> **What is being asked**
An unchanged copy of each entry below is needed; keep the pictures out of it.

Records drawn from a dataset:
——
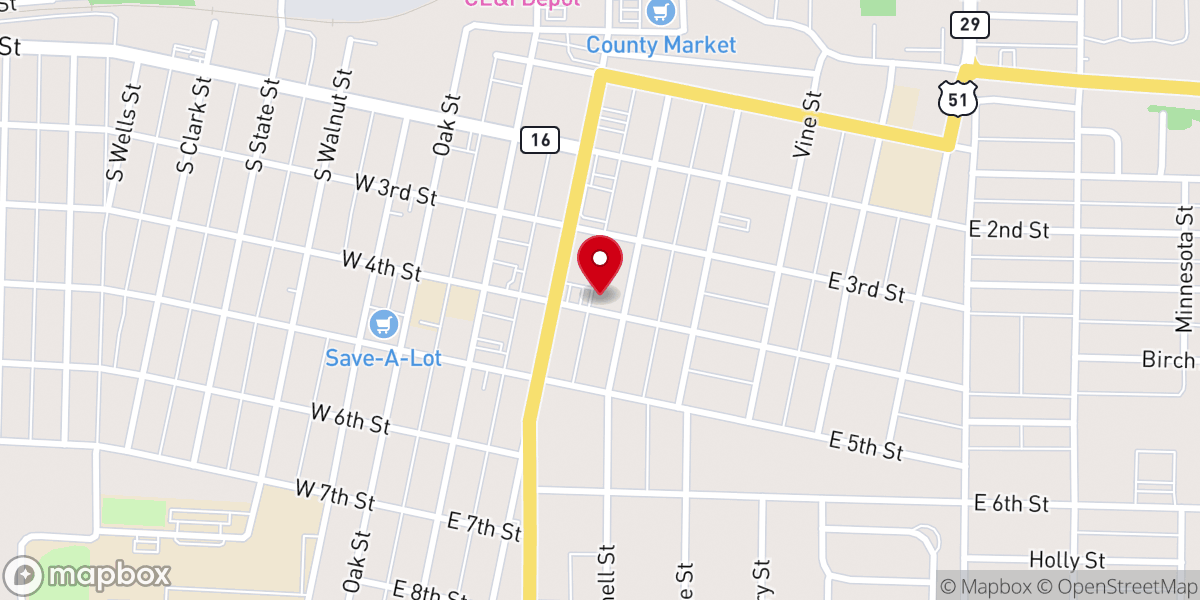 Map showing location of Saint Paul Lutheran Church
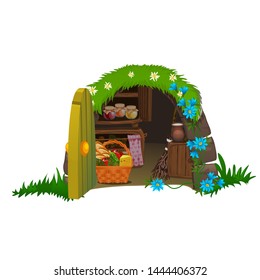 Underground cellar with canned vegetables and harvest isolated on white background. Vector cartoon close-up illustration.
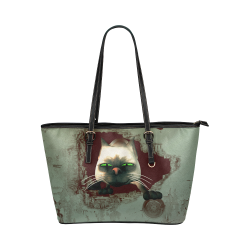 Funny, cute cartoon cat Leather Tote Bag/Large (Model 1651)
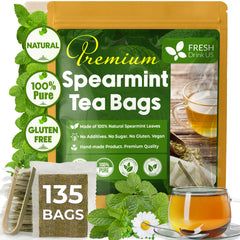 FRESHDRINKUS front packaging showing spearmint tea benefits and label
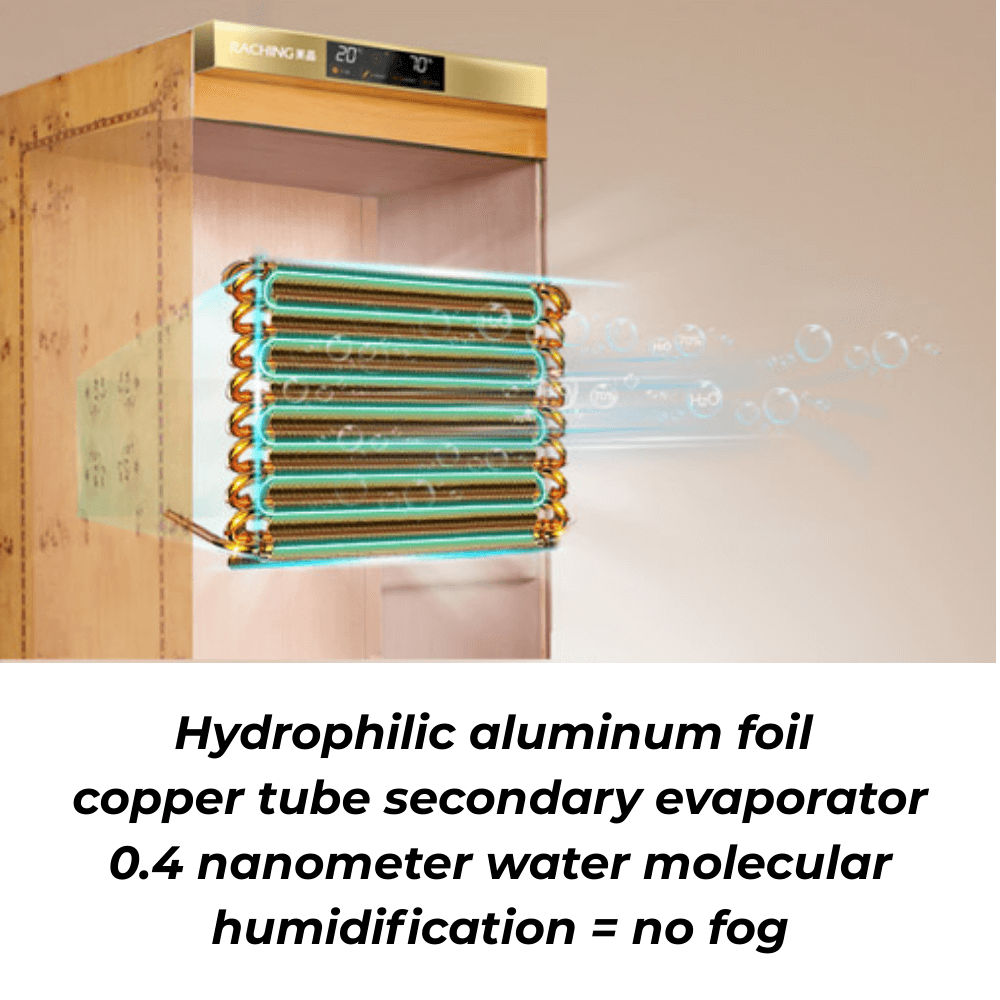 Raching MON2800A | Ultra-Precision Cigar Humidor Cabinet ±1% with image of product description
——
> **Output**
 Map showing location of Saint Paul Lutheran Church
 Underground cellar with canned vegetables and harvest isolated on white background. Vector cartoon close-up illustration.
 Funny, cute cartoon cat Leather Tote Bag/Large (Model 1651)
 FRESHDRINKUS front packaging showing spearmint tea benefits and label
 Raching MON2800A | Ultra-Precision Cigar Humidor Cabinet ±1% with image of product description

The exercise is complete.